Below: Neva Kee was riding Treadwell as fast as his little boosters would take him from the wall of lava that chasing after them.

"We're in hot water now old buddy," he said. The droid nodded as ahead was the tale-tell flash of the mining pod ahead being piloted by Jabba.

"So…got a will prepared?" the diplomat asked trying to chitchat. Treadwell shook his head.

"Yeah me neither," he said. "But at least we both know Zoda and Kirby will steal all of our stuff before the government can get their hands on it.

The droid nodded again when a beeping noise went off. The diplomat and droid looked around confused when a light flashed on the watch Zoda had given Neva. The blue alien held it up to his face and noticed the single button on it.
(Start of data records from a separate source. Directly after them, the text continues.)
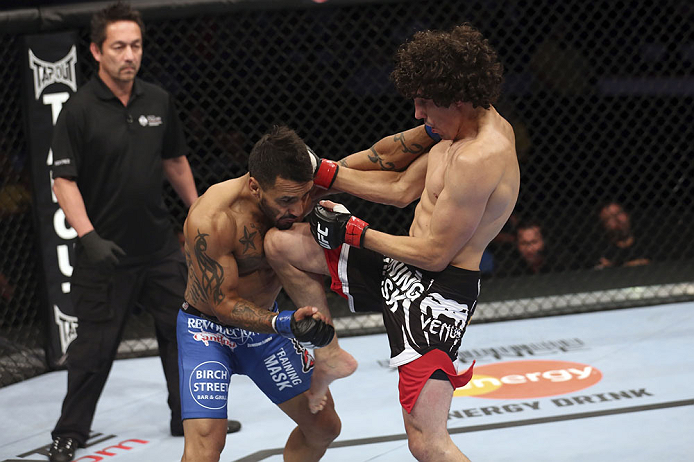 CALGARY, CANADA - JULY 21: (R-L) Roland Delorme lands a knee to the chin of Francisco Rivera during their bantamweight bout at UFC 149 inside the Scotiabank Saddledome on July 21, 2012 in Calgary, Alberta, Canada.  (Photo by Nick Laham/Zuffa LLC/Zuffa LLC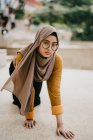 Joven asiático musulmán mujer en hijab posando en piso - foto de stock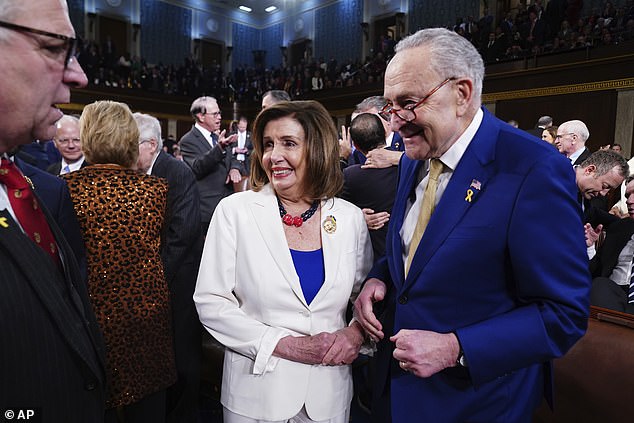 Senate Majority Leader Chuck Schumer, Democrat of New York, speaks with Rep. Nancy Pelosi (D-California) prior to President Joe Biden's State of the Union address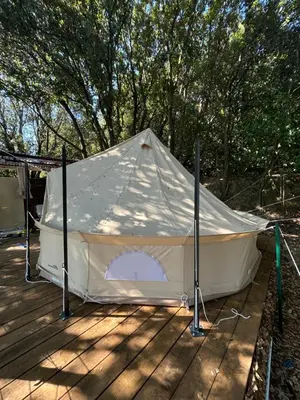a large white tent on a wooden deck at Tente Lodge avec Vue sur la Baie d'Ajaccio in Ajaccio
"No guts, no glory," he reasoned and pressed the button on it. A beam of light erupted from the side of the watch as Zoda's rocket powered surfboard materialized. Rather than question this strange turn of luck, Neva hopped onto the front part of the board and slipped his feet into the holders as Treadwell clamped on in the back. He then turned to Treadwell and the wall of lava drawing ever closer.

"Let's kick it!" he declared as he returned his attention to the front and then slammed his right foot into the board as it accelerated quicker than ever. Evidently, Zoda had tinkered with it after riding the Dragoon.

Unknown location: Kandor Ito was watching the displays silently as the indicators gave the locations of the pods and the wall of lava making its way around the planet and up the various volcanoes.

"Well done diplomat, well done," declared the ambassador as he held up his drink to him. "But this game isn't over yet."